Ein souveräner Staat ist dafür die Grundlage. Wir brauchen einen handlungsfähigen Staat. Ein souveräner Staat ist sich seiner Werte bewusst, seine Repräsentanten benennen Fehlentwicklungen unmissverständlich und achten die Gewaltenteilung. Ein wertebasierter, souveräner Staat ist das Gegenteil von dem, was wir über Jahre in Sachsen beobachten mussten und was sich jetzt im Mob von Chemnitz erschreckend kulminiert hat.
Mehr Menschen müssen aufstehen, um diesen unseren Rechtsstaat - auch gegen die Verfassungsfeinde von rechts - zu verteidigen.
Ich kämpfe für ein Sachsen-Anhalt, das Heimat für alle Menschen ist, die sich positiv einbringen, für alle, die gemeinsam Sachsen-Anhalt im gegenseitigen Respekt weiterentwickeln. In diesem Sachsen-Anhalt haben Homophobie, Ausländer- und Fremdenfeindlichkeit, Frauenfeindlichkeit keinen Platz.
Vielen Dank, Frau Lüddemann. Es gibt keine Fragen. - Wir kommen somit zum letzten Redner im Rahmen der Aussprache der Regierungserklärung. Das wird der Abg. Herr Schulenburg für die CDU-Fraktion sein. Sie haben das Wort. Bitte.
Sehr geehrte Frau Präsidentin! Sehr geehrte Damen und Herren! Heimat bietet Stabilität in einer Zeit des permanenten Wandels. Heimat ist etwas Erhaltenswertes und damit etwas Nachhaltiges. Sie ist immens wichtig für unsere unmittelbare Lebensqualität. Heimat ist in diesem Sinne ein Zukunftskonzept.
Heimat prägt Identität. Wir sind sozialisiert, geprägt von dem, wie und wo wir aufgewachsen sind. Meine Heimat ist Sachsen-Anhalt. Ich bin auch ein Rückkehrer. Wir brauchen ein Europa der Nationen, das ganz eng zusammenarbeitet. Heimat bietet dafür die nötige Orientierung.

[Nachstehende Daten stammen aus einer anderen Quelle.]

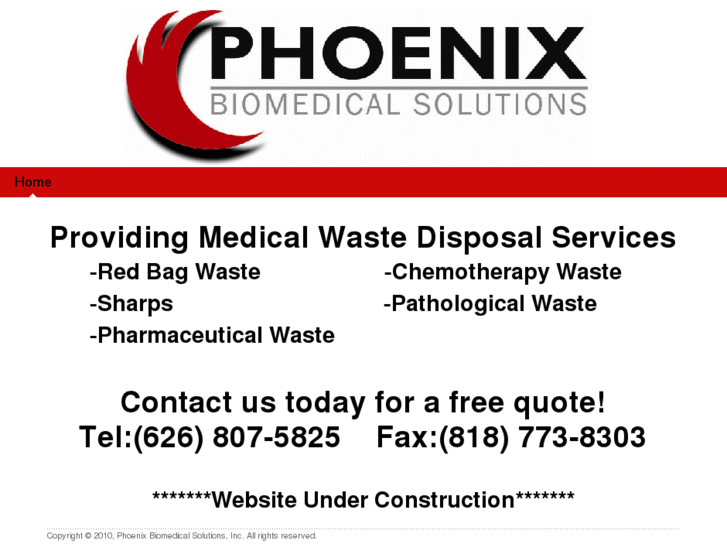 www.phoenixbiomedical.com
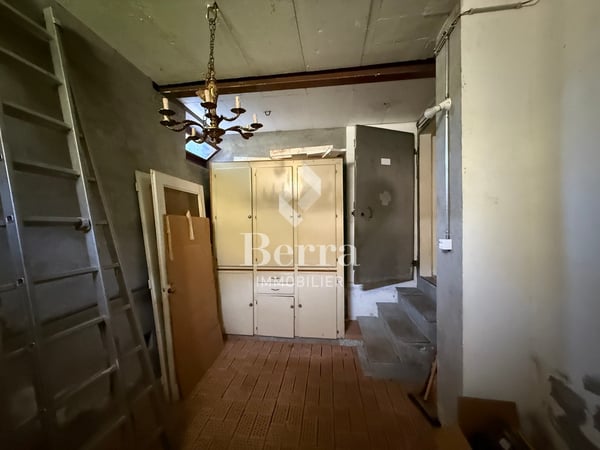 ARDON - Villa individuelle à rénover 8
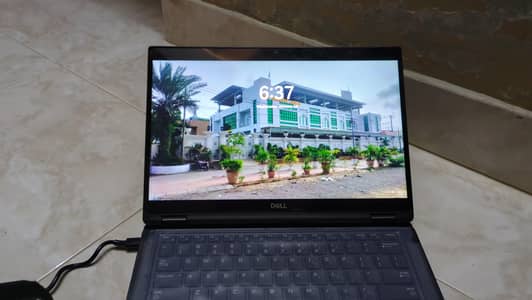 Dell latitude 7390 2in1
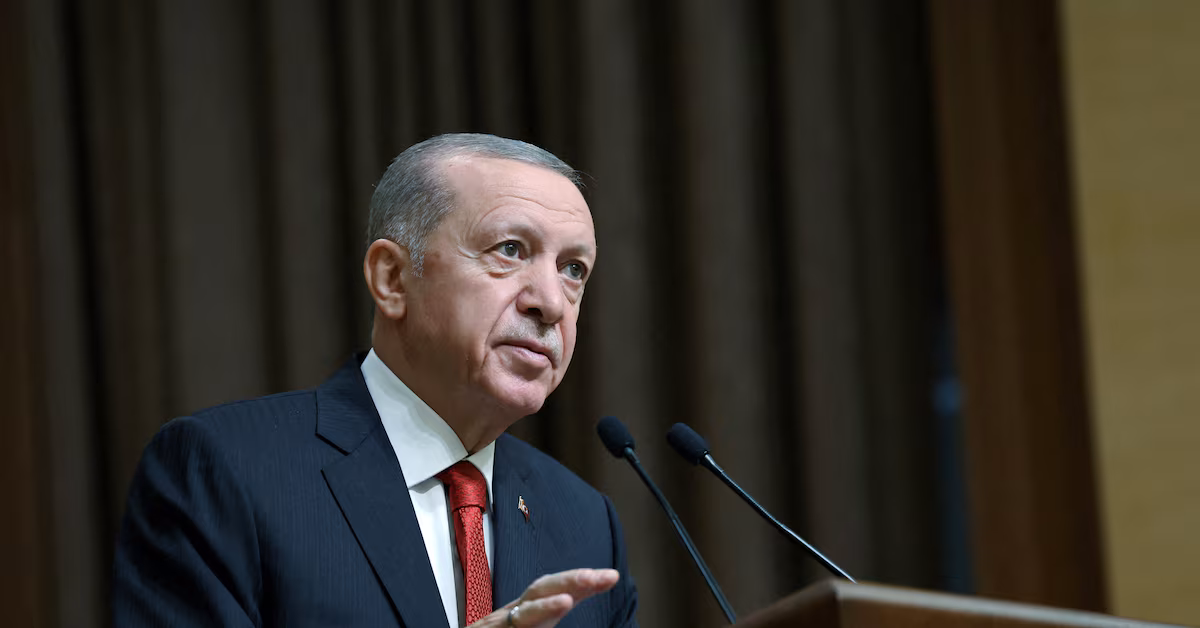 Featured image for Erdogan: Turkey Prepared to Sever Ties with EU if Needed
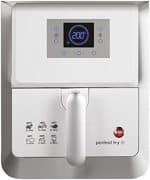air-fryer-eldom-mfc1000-6-litres-blanc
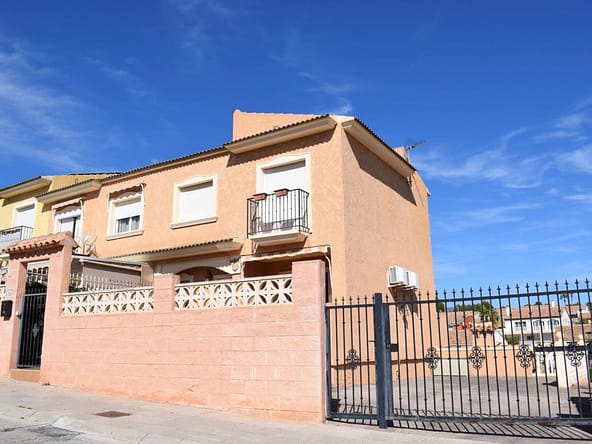 property for sale in Spain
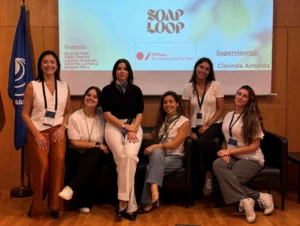 Soap Loop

Heimat und Weltoffenheit gehören dabei zusammen. Menschen suchen nach Stabilität, Sicherheit und Solidarität. Das ist ein ganz normales menschliches Bedürfnis. Deshalb ist Heimat auch ein Zukunftskonzept.
Wenn Sie Stabilität in einer Gesellschaft wollen, dass Menschen sich dort wiederfinden, dann brauchen sie eine Heimat. Der Verlust der Heimat kann schmerzlich sein. Das empfinden auch heute noch viele Menschen, die Sachsen-Anhalt verlassen mussten. Aber Heimat kann man nicht gewinnen.
Wer sich auf unsere Lebensweise und Kultur einlässt, wer unsere Regeln und Werte akzeptiert und vielleicht sogar mitgestaltet, wer die deutsche Sprache erlernt, wer auch unsere Geschichte akzeptiert, der kann hier eine neue Heimat finden.
In eine neue Heimat kann sich nur der integrieren, der die Kultur akzeptiert und Regeln der Gesellschaft annimmt.